I actually avoided other retellings at all costs until Sisters Red was written and lightly revised. I was terrified that reading something else would mess with my mythology, or I’d see a great idea and be unable to use it since it was already someone else’s. I did, however, read every version of the actual fairytale I could find—French; German; U.S., Disney-fied sweet versions; super dark original versions. I think by reading the fairytale in its many incarnations, I was more able to find the heart of the story and stick to it.

Did your relationship with your own sister—to whom the book is dedicated—inspire any of the scenes between Scarlett and Rosie?
I think my relationship with my sister inspired and influenced the entire book, to be honest! But there are several scenes that I plucked straight from our childhood. Specifically, one where Rosie is lamenting how when Scarlett got poison ivy, she was allowed to sleep in their mother’s bed, and another where both Scarlett and Rosie visit an apple harvest festival and everyone is dressed up in apple-themed clothing and kids have paper apples stapled to their shirts. I have a photo of Katie riding her bike, covered in paper apples with apples painted on her cheeks. I have really big blackmail plans for that photo . . .

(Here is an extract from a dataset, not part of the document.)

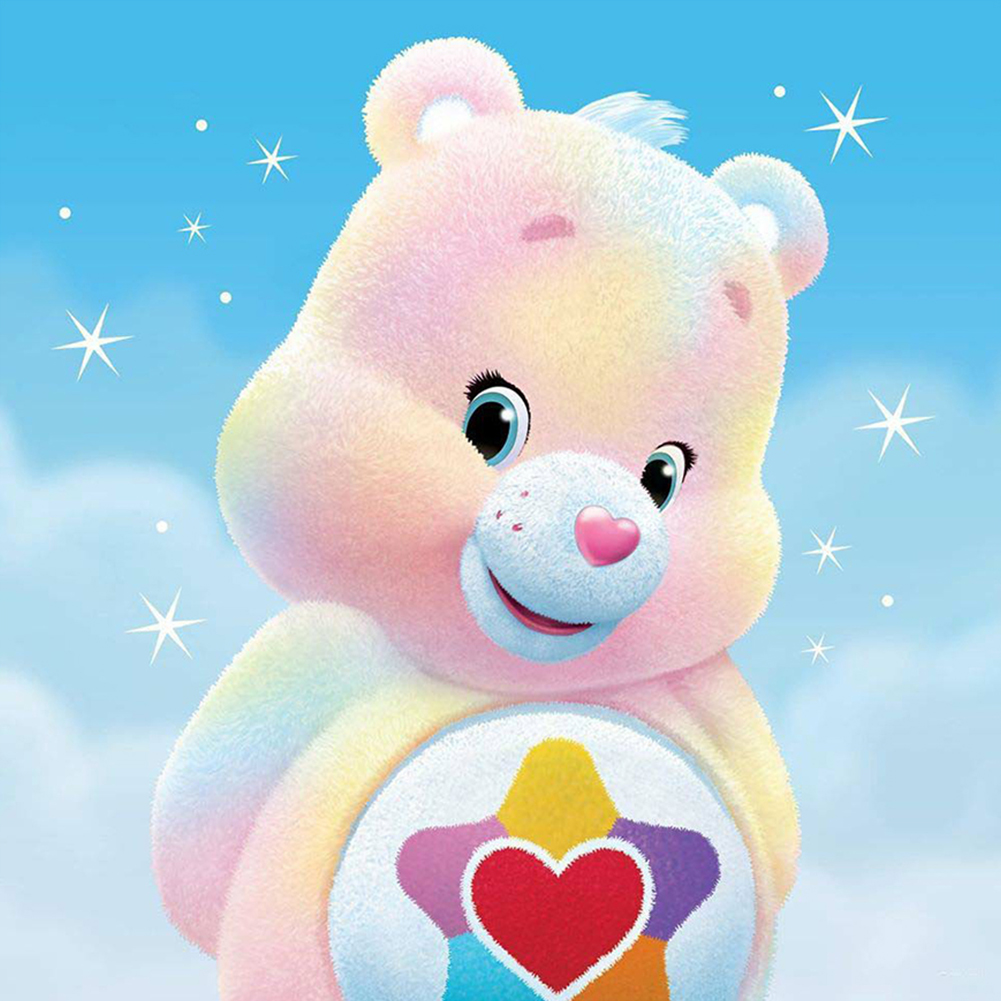 True bear. Заботливые мишки. Заботливые мишки Care Bears. Мишки с сердечками на животе. Мультик про мишек с сердечками на животиках.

Many early reader reviews of Sisters Red have focused on Scarlett’s role as a fierce heroine. What do you think makes a character fierce or powerful; is it physical strength, the willingness to kill, cleverness or is there more to it?
I think there’s always more to it. Scarlett is immensely physically powerful—I wouldn’t want to meet her in an alley! But she’s also emotionally fragile, desperate and scared. Rosie is not quite as strong as her sister, but is more confident in herself and her relationships, more willing to let herself be happy. They’re both strong—just in very different ways. Neither is necessarily superior, and those obviously aren’t the only “versions” of strength in the world.

The Fenris are portrayed as sexual predators. The fight scenes don’t shy away from graphic violence (a ripped-off elbow comes to mind). Did you worry about alienating fans of As You Wish, which is written for a younger audience (12 & up vs. 15 & up)? Did you set out to write a book with more “mature” content?
I won’t lie, I am worried that fans of As You Wish will be shocked to read Sisters Red, but I couldn’t let that stop me from writing Scarlett and Rosie’s story the way it needed to be written—and the truth is, there’s just no pretty, happy, sweet way for a werewolf to eat innocent girls. Trying to tone down the violence would have felt like lying.

You’ve said that the names in Sisters Red have significance—Rosie and Scarlett are both related to the color red, and their last name, March, is a reference to Little Women. Can you identify some of the other name references?
Silas’ name means forest/wood, and the apartment they move to is on Andern street—Andern is a city where the Grimm brothers lived. The house number, 333, is the number that Little Red Riding Hood is classified as on the Aarne-Thompson classification system for folktales. Screwtape the cat is named after The Screwtape Letters by C.S. Lewis.

Will Scarlett, Rosie or Silas ever make an appearance in another Sisters Red book?
I’m not sure at this point. The upcoming book, Sweetly, is a companion, not a direct sequel, as is the projected third book in the series. I would love to return to Scarlett, Rosie and Silas, I just don’t have a story for them yet!

Sweetly, the second book in the Sisters Red series, is inspired by “Hansel and Gretel.” The third book, Fathomless, is a retelling of “The Little Mermaid. Are you interested in adapting other fairytales?
I love, love, love adapting fairytales, and as long as the ideas keep coming, I’ll keep writing them. I don’t currently have any books planned beyond Fathomless, but I can see that changing in the future.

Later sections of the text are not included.